▶ [Exercise] Apart from the images, every record here needs to be copied exactly.

▶ [Records for this exercise]
──────────

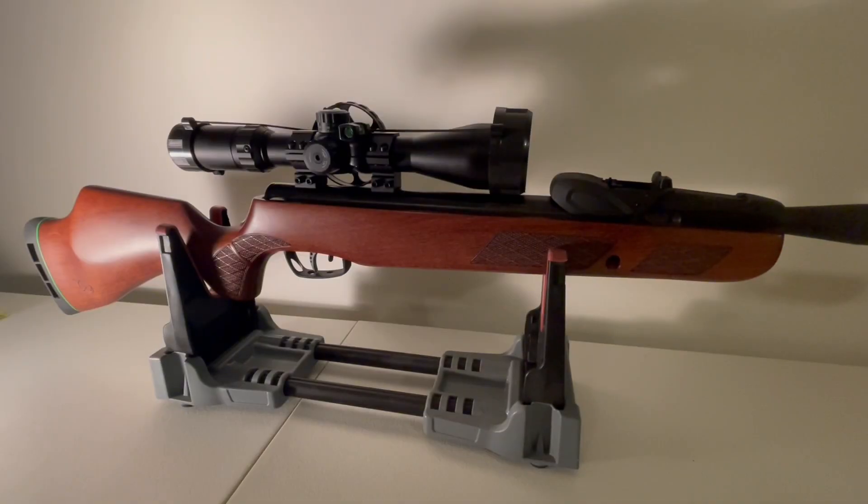On the air guns and pestering channel, in front of you is my Gamo Bone Collector Gen 2. Shortly after they came out with the Gen 2 — about 9 to 12 months later — they came out with the Gen 3. The 'i' stands for inertia technology. There really was no difference between the Gen 2 and the Gen 3 Bone Collector.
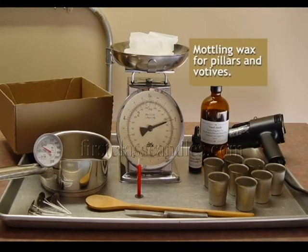These are the supplies used to make the votive candles: one pound of modeling wax, a scale for weighing the wax, a sturdy melting pot, a thermometer, liquid candle dye, fragrance oil at one ounce per pound, metal votive molds, tabbed and primed votive wicks, a section of drinking straw, a wooden spoon for stirring, a small knife, a heat gun, a cardboard box, and a cookie sheet.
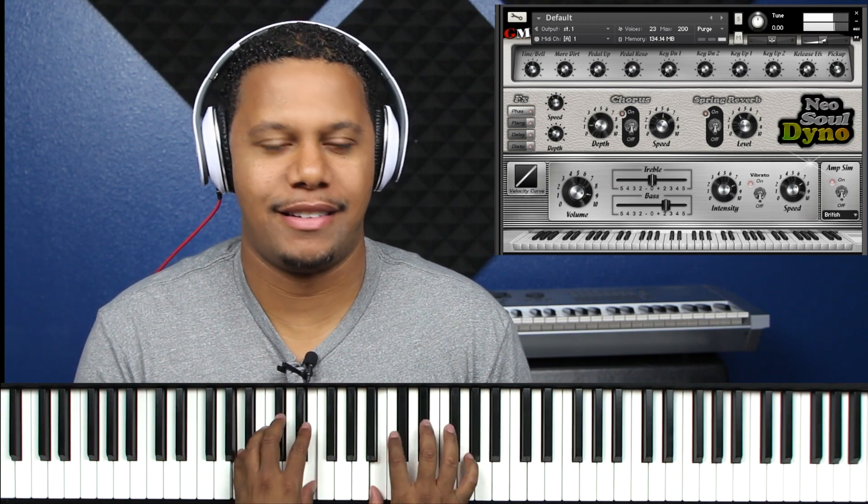So with all that said, we have a nice Dyno — Neosoul Dyno. This is that quintessential 80s EP. This is the EP when somebody's sitting there talking and you can just feel it. It has that plaque, that plastic kind of plaque that you get with the classic 80s sound, but it's still modernized and it has that expression.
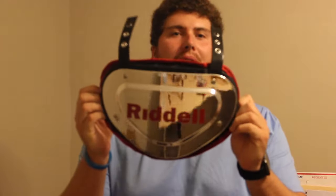Hey, what's going on YouTube? Mr. Football here, and today I have a special video. I'm going to be showing you guys how to attach a back plate to a pair of shoulder pads.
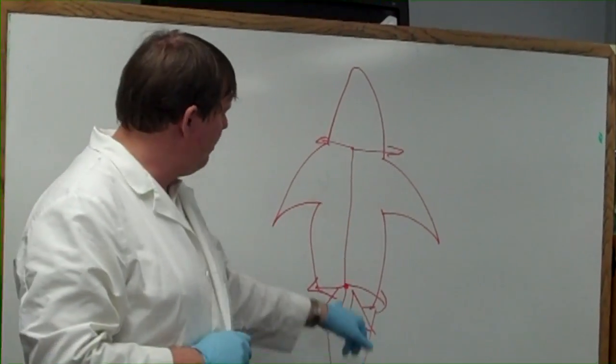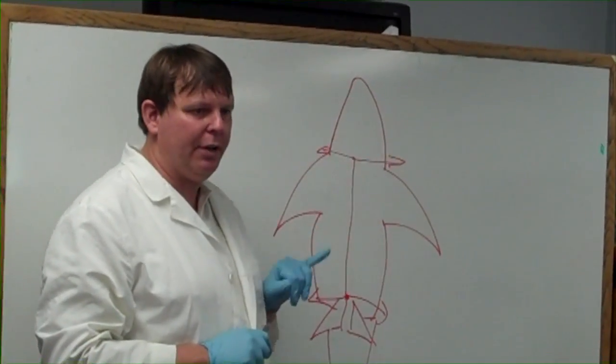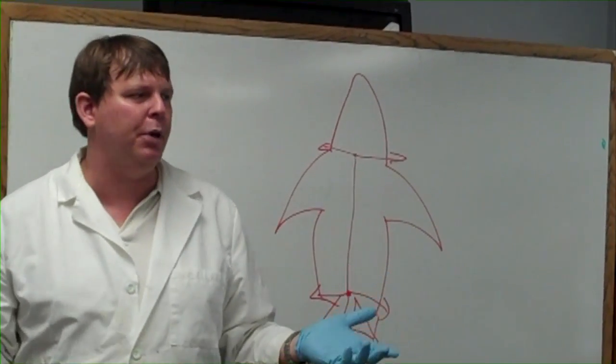In order to get into that, you're going to make an incision down here, cut up to just above where the pectoral fins are. Cut across this way, cut across this way, and it will open up like a book.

──────────

▶ [Answer below]
On the air guns and pestering channel, in front of you is my Gamo Bone Collector Gen 2. Shortly after they came out with the Gen 2 — about 9 to 12 months later — they came out with the Gen 3. The 'i' stands for inertia technology. There really was no difference between the Gen 2 and the Gen 3 Bone Collector.
These are the supplies used to make the votive candles: one pound of modeling wax, a scale for weighing the wax, a sturdy melting pot, a thermometer, liquid candle dye, fragrance oil at one ounce per pound, metal votive molds, tabbed and primed votive wicks, a section of drinking straw, a wooden spoon for stirring, a small knife, a heat gun, a cardboard box, and a cookie sheet.
So with all that said, we have a nice Dyno — Neosoul Dyno. This is that quintessential 80s EP. This is the EP when somebody's sitting there talking and you can just feel it. It has that plaque, that plastic kind of plaque that you get with the classic 80s sound, but it's still modernized and it has that expression.
Hey, what's going on YouTube? Mr. Football here, and today I have a special video. I'm going to be showing you guys how to attach a back plate to a pair of shoulder pads.
In order to get into that, you're going to make an incision down here, cut up to just above where the pectoral fins are. Cut across this way, cut across this way, and it will open up like a book.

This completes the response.